Chapter 30
ALEXANDER
He visited Wulfbane cave once a year—usually in spring, when frost lifted and village stores ran low.
A small team of miners would enter with him, extracting only what was necessary to keep Blackwood-Verde afloat through the lean seasons.
The deposit was modest but belonged solely to his House—one of the few things the Crown couldn’t touch.
Limyerite crystals were not readily renewed. The earth gave them slowly, and only to those who didn’t press too hard. Alexander had sworn long ago to protect that rhythm. This cave wouldn’t be stripped in his time—not for greed, not for politics. It would be preserved for those who came after.
He paused at the entrance, pressing his hand to the stone bearing the Wulfbane crest.
‘You can’t command a territory you don’t understand,’ his father had said. ‘You walk it. You witness it. You must know the men who sweat in your name.’
As a child, his lungs were too soft for the tang of dust and smoke. He had stood right here, watching miners emerge from the dark—faces streaked with sweat, clothes glinting with crystal dust like they’d bathed in starlight.
That had been the last spring his father brought him down. A few months later, the Crown’s stewards had arrived with accusations of treason and a letter bearing a seal Alexander would never forget.
Every spring since, the boy in him stood at this threshold again, trailing behind a ghost.
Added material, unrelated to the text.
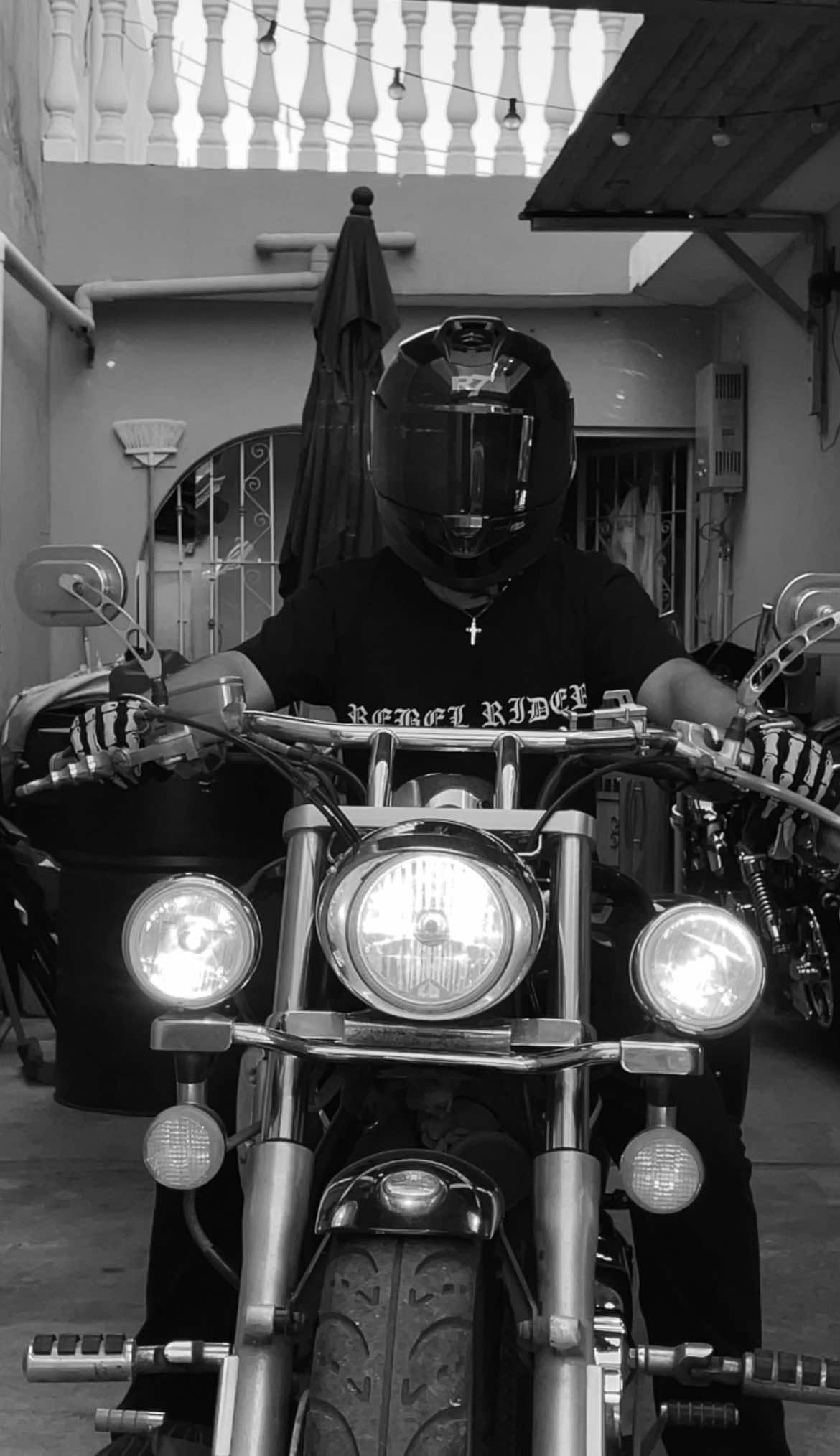 @RebelRider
But the man was the one who walked in.
He turned and helped Jingyi down the steps, her fingers chilled but sure in his grasp.
The damp linen mask they both wore—a shield against the limyerite dust and poisonous rot—muffled her breath.
She moved with her usual care, but he saw the added stiffness in her right leg, the legacy of last night’s flight.
The memory rushed back: her in his chamber, his hand hovering near her cheek, the shattered silence as she abruptly turned and fled.
He had replayed it in the dark hours, each time the ache becoming more tender.
He had misread the moment, pushed too soon, and her fear had been a physical thing in the room.
He swallowed his sigh and looked ahead. Darion was already mounting limyerite torches to illuminate the deeper corridors. Tedric stood guard at the cave’s mouth.
“You keep this mine in working condition,” Jingyi said, glancing around as she watched her step.
He nodded. “It is maintained throughout the year. We need to, if we want to reap the crystals.”
They moved deeper. The ground was uneven and slick with moisture, the air cool, humming with the low resonance of ancient things. The walls narrowed, and soon the cavern began to shimmer—silver-blue limyerite veins glowing softly like frost against stone.
“Does the crown sanction the mining?”
“They do. This place belonged to the Wulfbane family before the Crown’s Mineral Edicts consolidated Tremore’s limyerite sources. It remains under our name as long as the yield stays below the threshold requiring royal oversight. We also cannot export, only sell in local markets.”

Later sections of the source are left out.